■ **Your objective**
"Signnow.com has been" appears in one line of the records below. Output that line and each one after it, exactly, through the last line.

*** Exercise data Section Begins ***

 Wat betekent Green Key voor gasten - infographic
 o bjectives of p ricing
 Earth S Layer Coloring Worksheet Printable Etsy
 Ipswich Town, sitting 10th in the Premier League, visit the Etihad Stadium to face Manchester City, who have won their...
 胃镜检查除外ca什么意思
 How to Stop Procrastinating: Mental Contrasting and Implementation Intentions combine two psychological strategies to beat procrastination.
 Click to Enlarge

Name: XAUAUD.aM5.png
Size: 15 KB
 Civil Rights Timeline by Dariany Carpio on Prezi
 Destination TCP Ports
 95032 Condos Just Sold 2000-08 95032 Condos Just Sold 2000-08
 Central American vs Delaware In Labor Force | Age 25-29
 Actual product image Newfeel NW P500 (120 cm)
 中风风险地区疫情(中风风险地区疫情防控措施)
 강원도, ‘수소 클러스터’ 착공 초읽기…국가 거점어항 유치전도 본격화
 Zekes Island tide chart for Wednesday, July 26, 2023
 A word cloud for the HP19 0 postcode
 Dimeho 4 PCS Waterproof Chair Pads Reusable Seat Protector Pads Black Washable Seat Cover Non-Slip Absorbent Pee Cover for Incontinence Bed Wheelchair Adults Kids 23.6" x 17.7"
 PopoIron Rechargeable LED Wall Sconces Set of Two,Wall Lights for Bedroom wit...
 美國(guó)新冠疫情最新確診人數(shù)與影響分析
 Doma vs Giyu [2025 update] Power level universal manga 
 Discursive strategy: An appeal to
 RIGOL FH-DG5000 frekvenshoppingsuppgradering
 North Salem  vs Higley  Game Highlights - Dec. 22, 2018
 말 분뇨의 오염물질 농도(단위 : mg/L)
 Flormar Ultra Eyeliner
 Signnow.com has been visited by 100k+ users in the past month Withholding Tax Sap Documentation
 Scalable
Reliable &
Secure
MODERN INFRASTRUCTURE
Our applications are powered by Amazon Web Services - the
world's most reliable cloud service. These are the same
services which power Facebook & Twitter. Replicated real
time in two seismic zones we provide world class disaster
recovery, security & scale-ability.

*** Exercise data Section Ends ***

■ **Task result**
 Signnow.com has been visited by 100k+ users in the past month Withholding Tax Sap Documentation
 Scalable
Reliable &
Secure
MODERN INFRASTRUCTURE
Our applications are powered by Amazon Web Services - the
world's most reliable cloud service. These are the same
services which power Facebook & Twitter. Replicated real
time in two seismic zones we provide world class disaster
recovery, security & scale-ability.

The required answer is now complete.